So you have set boundaries, but you've abandoned them to keep the peace. All that's doing is teaching him that you can safely be ignored when you give the next one.

As far as the daycare thing goes... If he's making that little money and you have 4 kids, are you saying you can't get daycare subsidized? I don't know the situation down there in the States, but that doesn't seem right. Have you actually investigated this yourself?

And finally, as far as his money goes... Again, you're letting things slide for the sake of keeping the peace. As long as you're willing to do that, he's going to take advantage of that. 

Seems like you have two options. Lay out your boundaries and start enforcing them, or leave. If you lay out your boundaries (counseling, more openness on the finances), things MAY improve and you two can resolve your issues. Maybe not. You'll never know unless you try. But you know what? If you take option #2, your marriage is over anyway.

C


----------



## AshWill (Oct 2, 2013)

LongWalk said:


> The marijuana smoking seems to have hurt your marriage. Does he have mentor figures?
> Who does he get along with? From your description he is often in conflict. Does he learn from his job dismissals?
> 
> _Posted via *Topify* using iPhone/iPad_


Yes, the marijuana smoking has always been a problem in our marriage which is odd since it was one of our biggest activities together before having kids. I don't see it as something "bad" but I quit so that I would be able to focus on my children. I just don't think it's an appropriate thing for my role as a mother, and I've had no problem adjusting. The problem is that when he doesn't smoke, he kind of comes unhinged. I think that I put up with it simply because I like him more when he smokes but financially and legally, it doesn't make sense in my mind that he continues to do it. 

His uncle is his biggest mentor (that's who he's working with right now), and he's a good guy. He works hard and is always nice to me. I think that his uncle and aunt have a different marital dynamic than we do and this is actually a problem as well. His aunt is completely devoted to serving his uncle. She serves him dinner, picks out his clothes, wears what he tells her is appropriate, ect. I believe that women and men are equal and my husband believes that women were put here to support men. I think that's the primary role he really wants me to play. I would rather have a give and take relationship than be his servant and this is a huge problem in our marriage. Other than his uncle, all his friends are involved with drinking or drugs in some way. 

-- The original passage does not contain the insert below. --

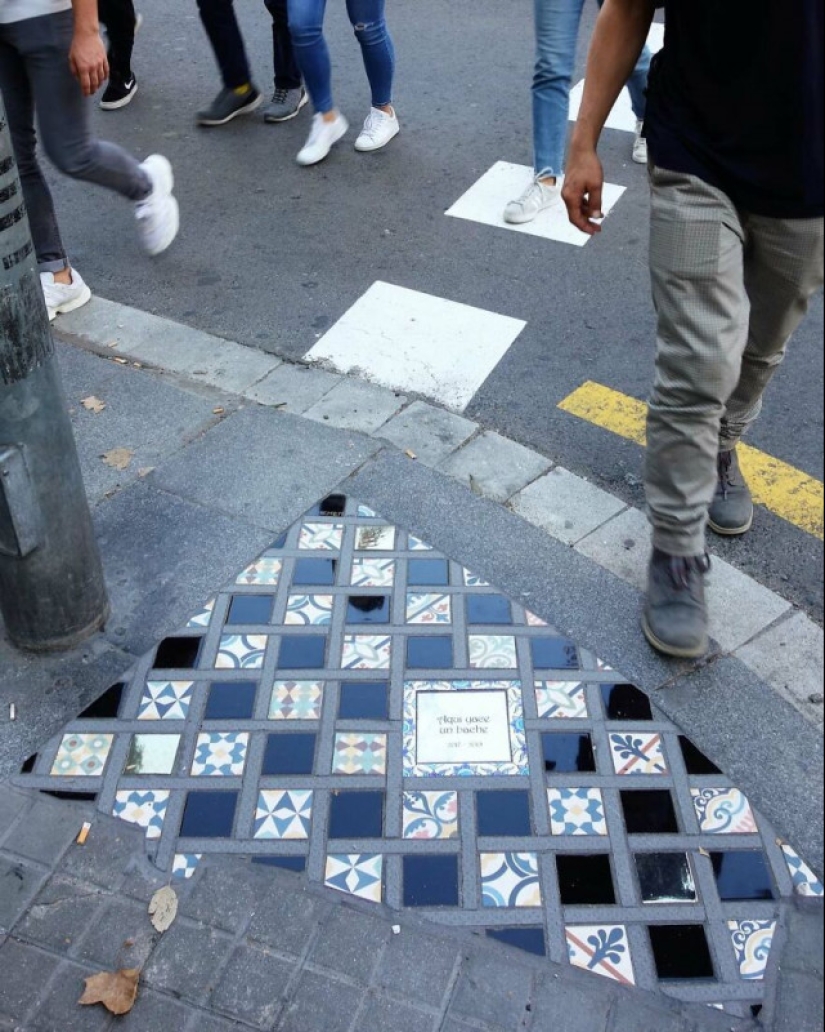 Cirujano vial de Lyon: Artista callejero remienda baches con mosaicos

Anytime there is a conflict in his work or personal life, he has a justification. It's always, "Yes, I cussed at and waved a knife at my boss but it was because he didn't give me the raise that he promised" so I don't think that he's learning anything. I felt like he was for a while when he was working at the call center but after we moved away he would say things like "I tried to conform and it didn't work" and "I'm going to do things my way"...I don't think he has the skills to reconcile conflict.

For instance, when we have a conflict, it always gets personal. He may be upset because of something I said and instead of saying "I didn't like such and such statement", he'll say something personal about my weight or my parenting. I'm sure that I'm messing up as much as he is but I'm not really sure how because he will get mad and go on a tirade, instead of just telling me why he's really angry. I'm assuming this is the same type of thing that is happening at work.


----------



## LongWalk (Apr 4, 2013)

Who influences him in a positive way?

_Posted via *Topify* using iPhone/iPad_


----------



## Daisy2714 (Sep 22, 2013)

AshWill,
My heart goes out to you. I don't feel qualified to give you advice but I can tell you that I hear the confusion and turmoil you are going through. 
I wish you the best...


----------